MoverScore measures semantic distance between system and reference texts by aligning semantically similar words and finding the corresponding travel costs.
EvalSerivce is a evaluation framework for NLG tasks, assigning scores (e.g., ROUGE ans MoverScore) to system-generated text by comparing it against human references for content matching.
Install the server and client via pip
. They can be installed separately or even on different machines:
cd server/
python3 setup.py install # server
cd client/
python3 setup.py install # client
Note that the server MUST be running on Python >= 3.5. Again, the server does not support Python 2!
The client can be running on both Python 2 and 3 for the following consideration.
After installing the server, you should start a serivce as follows:
summ-eval-start -data_dir ../../ -num_worker=4
This will start the service with four workers, meaning that it can handle up to four concurrent requests.
Now you can get scores:
from summ_eval.client import EvalClient
ec = EvalClient()
system = ['A guy with a read jacket is standing on a boat']

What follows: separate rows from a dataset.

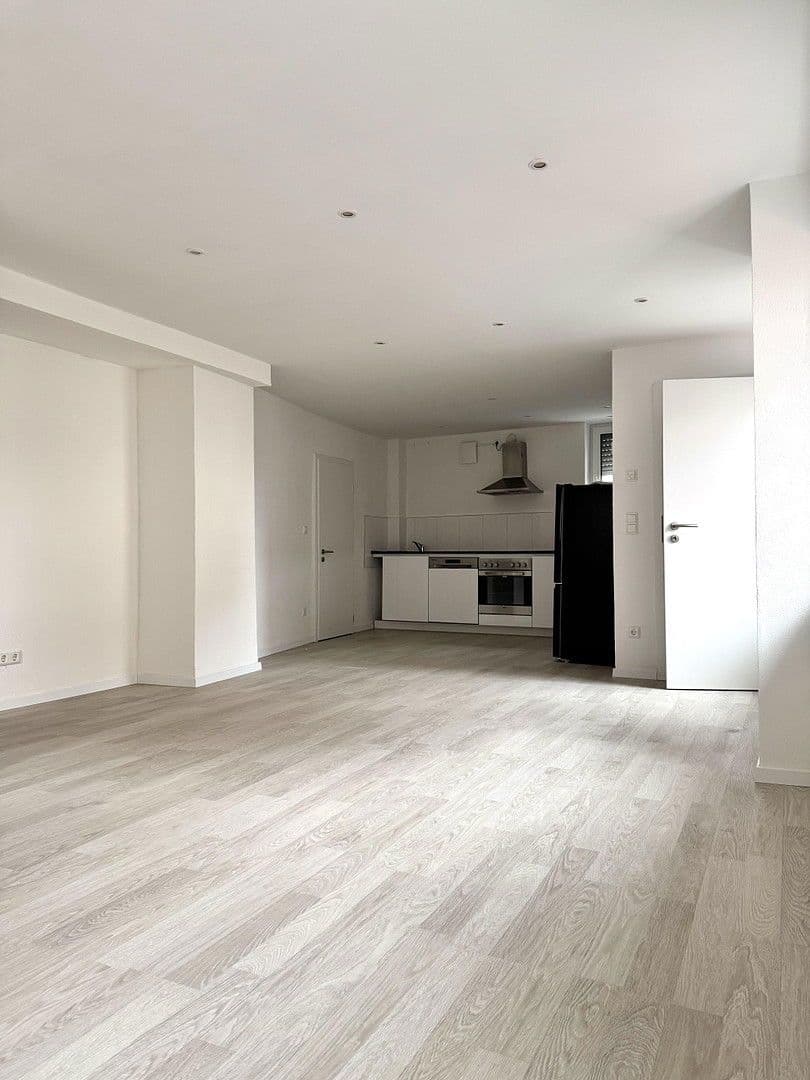 Studio flat to rent, 68 m², Vaihinger Landstraße 2, Stuttgart, Baden-Württemberg Studio flat to rent, 68 m², Vaihinger Landstraße 2, Stuttgart, Baden-Württemberg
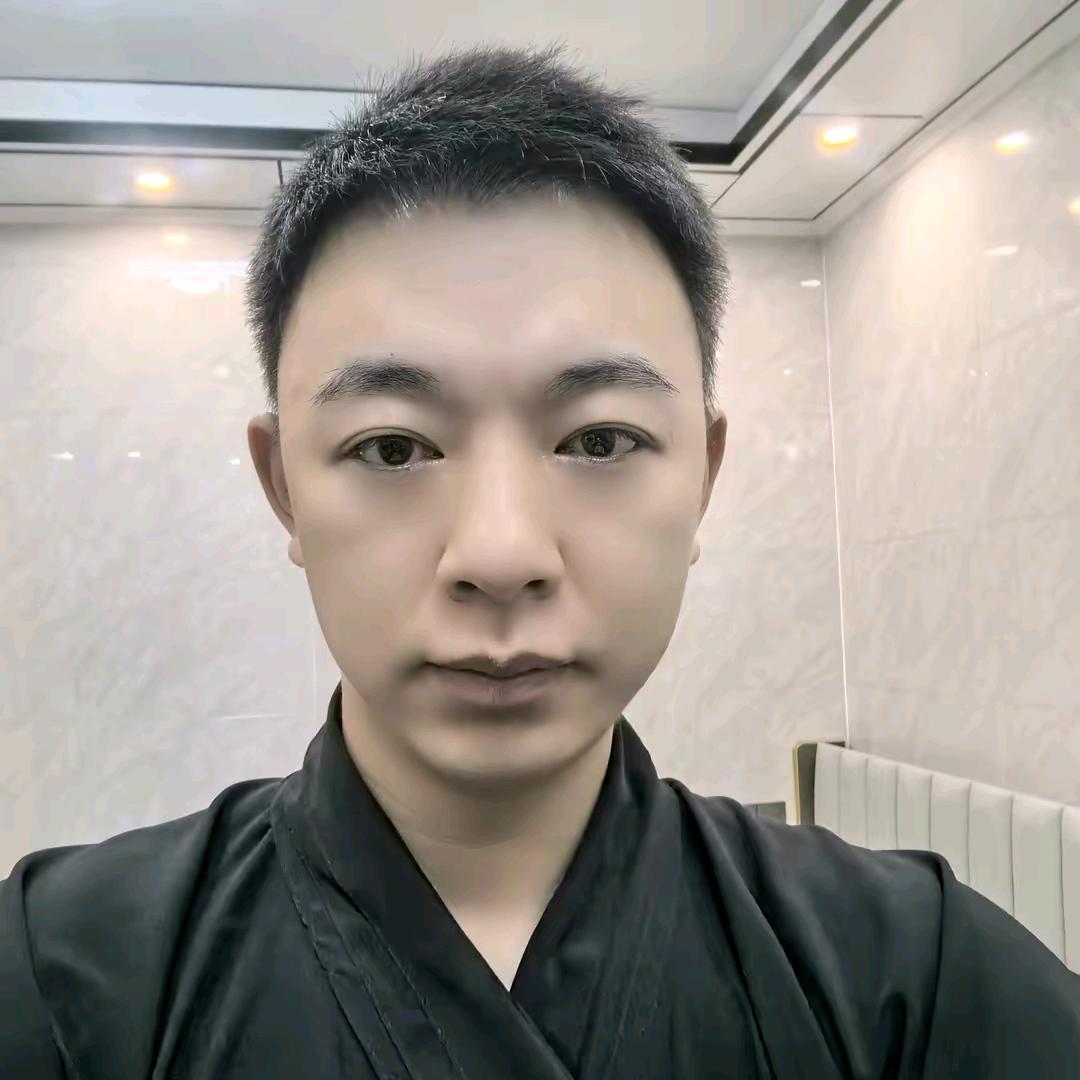 小真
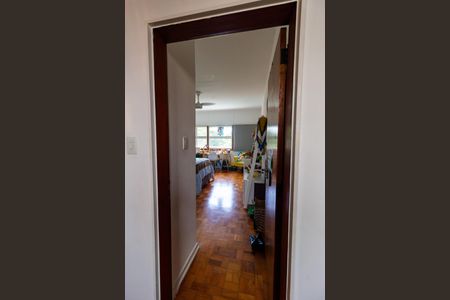 Casa à venda com 400m², 3 quartos e 4 vagas Casa à venda com 400m², 3 quartos e 4 vagasQuarto 2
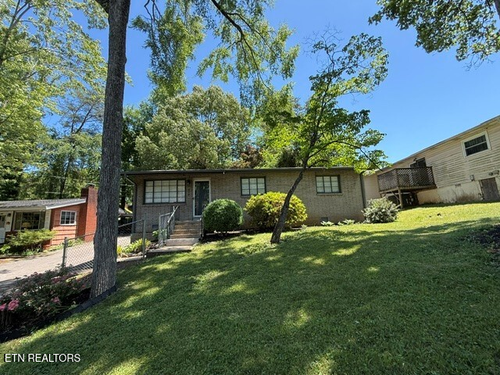 228 Tall Oaks Dr, Knoxville, TN, 37920-3137 | Card Image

references = ['A man wearing a lifevest is sitting in a canoe','A small white ferry rides through water']
example_1 = [system, references, 'rouge_1']
example_2 = [system, references, 'rouge_2']
example_3 = [system, references, 'wmd_1'] # BERTWordMover-unigram
example_4 = [system, references, 'wmd_2'] # BERTWordMover-bigram
example_5 = [system, references, 'smd'] # BERTSentMover
ec.eval([example_1,example_2,example_3,example_4,example_5])